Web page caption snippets

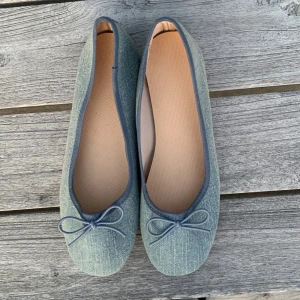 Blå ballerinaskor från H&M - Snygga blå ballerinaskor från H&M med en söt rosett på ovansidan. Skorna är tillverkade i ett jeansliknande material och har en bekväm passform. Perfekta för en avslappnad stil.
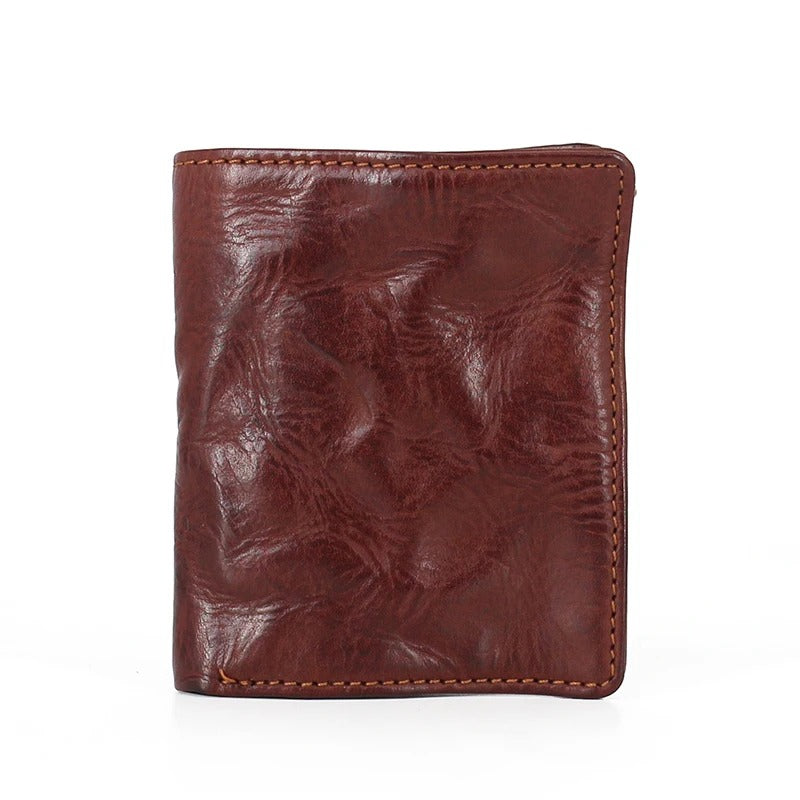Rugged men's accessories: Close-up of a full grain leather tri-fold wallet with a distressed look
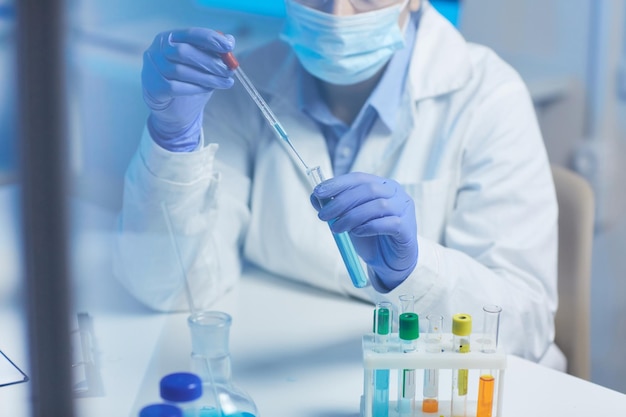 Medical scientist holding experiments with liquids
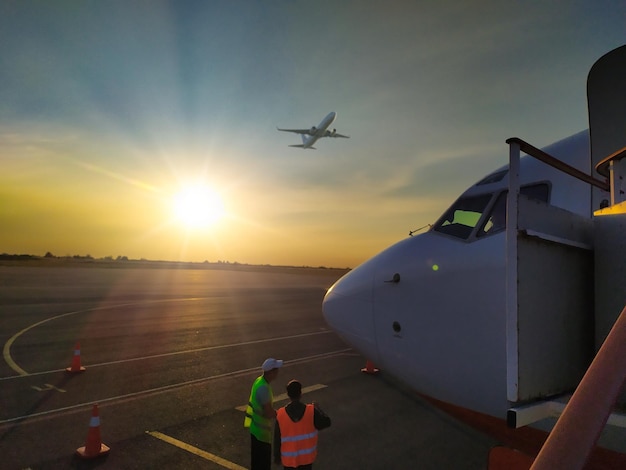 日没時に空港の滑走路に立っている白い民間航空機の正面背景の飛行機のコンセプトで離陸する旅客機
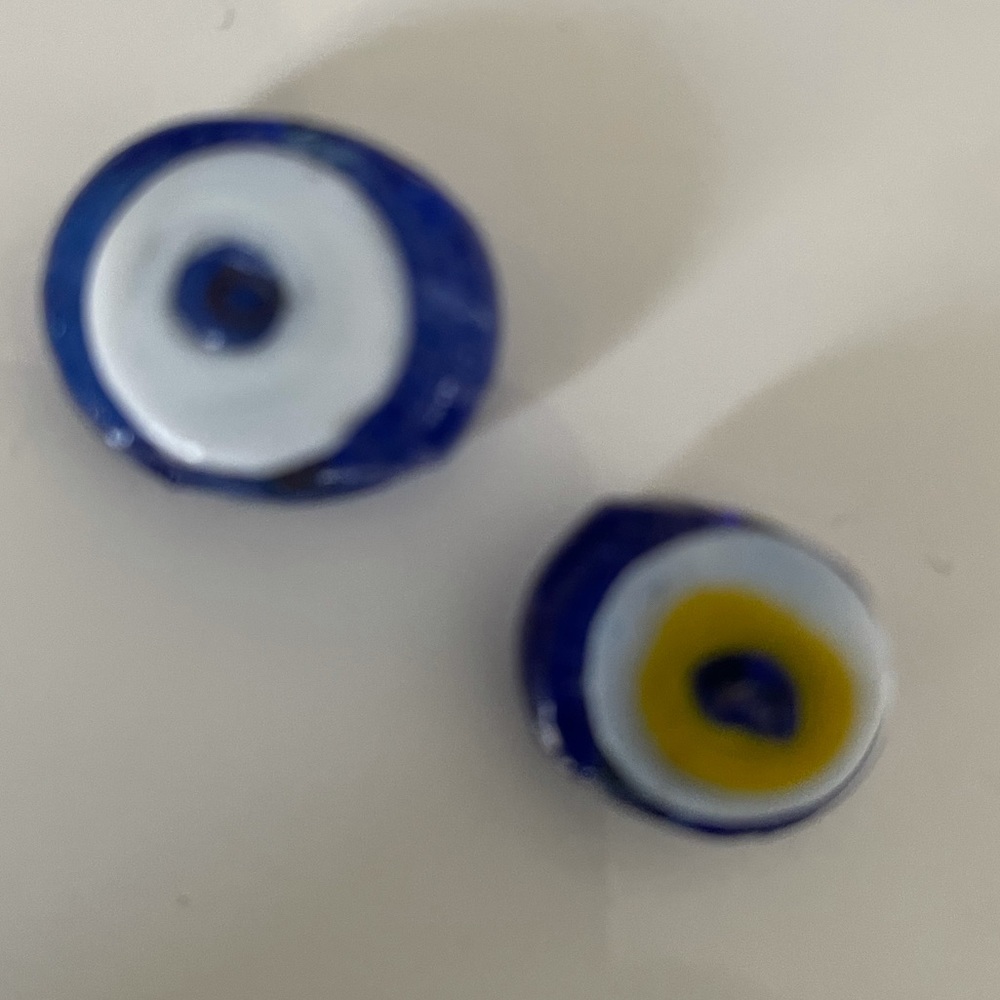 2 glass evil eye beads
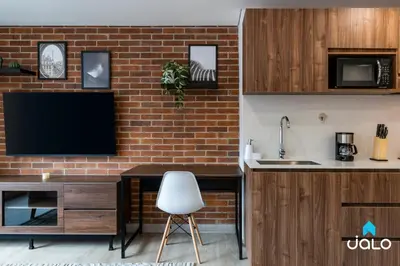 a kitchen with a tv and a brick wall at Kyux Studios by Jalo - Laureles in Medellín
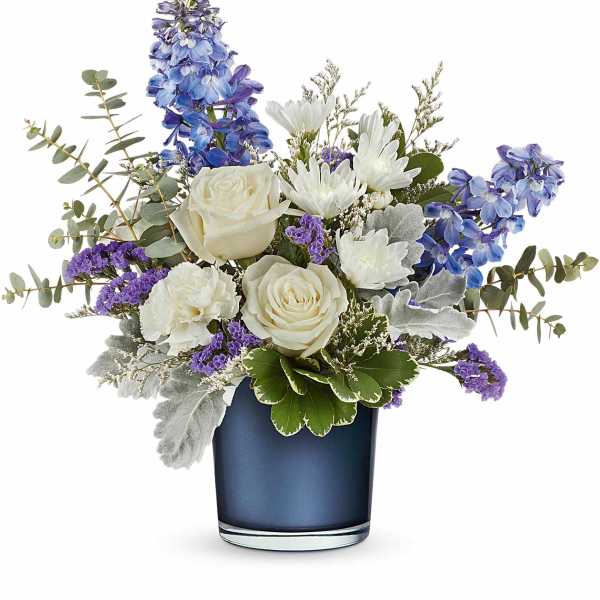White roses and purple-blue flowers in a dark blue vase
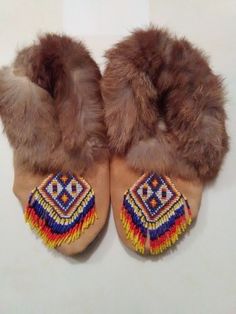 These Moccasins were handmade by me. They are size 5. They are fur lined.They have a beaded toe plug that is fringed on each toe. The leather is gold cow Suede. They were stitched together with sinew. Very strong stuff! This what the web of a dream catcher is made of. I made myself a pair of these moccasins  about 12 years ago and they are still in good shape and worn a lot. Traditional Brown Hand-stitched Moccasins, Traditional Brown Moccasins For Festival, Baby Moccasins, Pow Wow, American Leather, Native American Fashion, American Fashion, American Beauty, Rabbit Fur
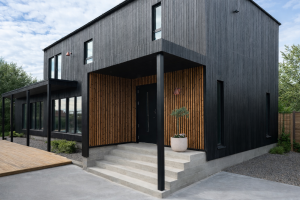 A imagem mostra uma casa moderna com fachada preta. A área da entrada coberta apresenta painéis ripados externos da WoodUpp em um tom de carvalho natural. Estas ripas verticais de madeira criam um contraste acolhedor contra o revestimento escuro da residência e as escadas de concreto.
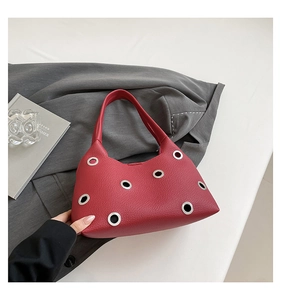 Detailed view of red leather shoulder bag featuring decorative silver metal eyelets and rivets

→ **Aim of the task**: Print, exactly as written, the lines above from the first one to the one containing "These Moccasins were". Leave out pictures.

→ **Your response**:
 Blå ballerinaskor från H&M - Snygga blå ballerinaskor från H&M med en söt rosett på ovansidan. Skorna är tillverkade i ett jeansliknande material och har en bekväm passform. Perfekta för en avslappnad stil.
Rugged men's accessories: Close-up of a full grain leather tri-fold wallet with a distressed look
 Medical scientist holding experiments with liquids
 日没時に空港の滑走路に立っている白い民間航空機の正面背景の飛行機のコンセプトで離陸する旅客機
 2 glass evil eye beads
 a kitchen with a tv and a brick wall at Kyux Studios by Jalo - Laureles in Medellín
White roses and purple-blue flowers in a dark blue vase
 These Moccasins were handmade by me. They are size 5. They are fur lined.They have a beaded toe plug that is fringed on each toe. The leather is gold cow Suede. They were stitched together with sinew. Very strong stuff! This what the web of a dream catcher is made of. I made myself a pair of these moccasins  about 12 years ago and they are still in good shape and worn a lot. Traditional Brown Hand-stitched Moccasins, Traditional Brown Moccasins For Festival, Baby Moccasins, Pow Wow, American Leather, Native American Fashion, American Fashion, American Beauty, Rabbit Fur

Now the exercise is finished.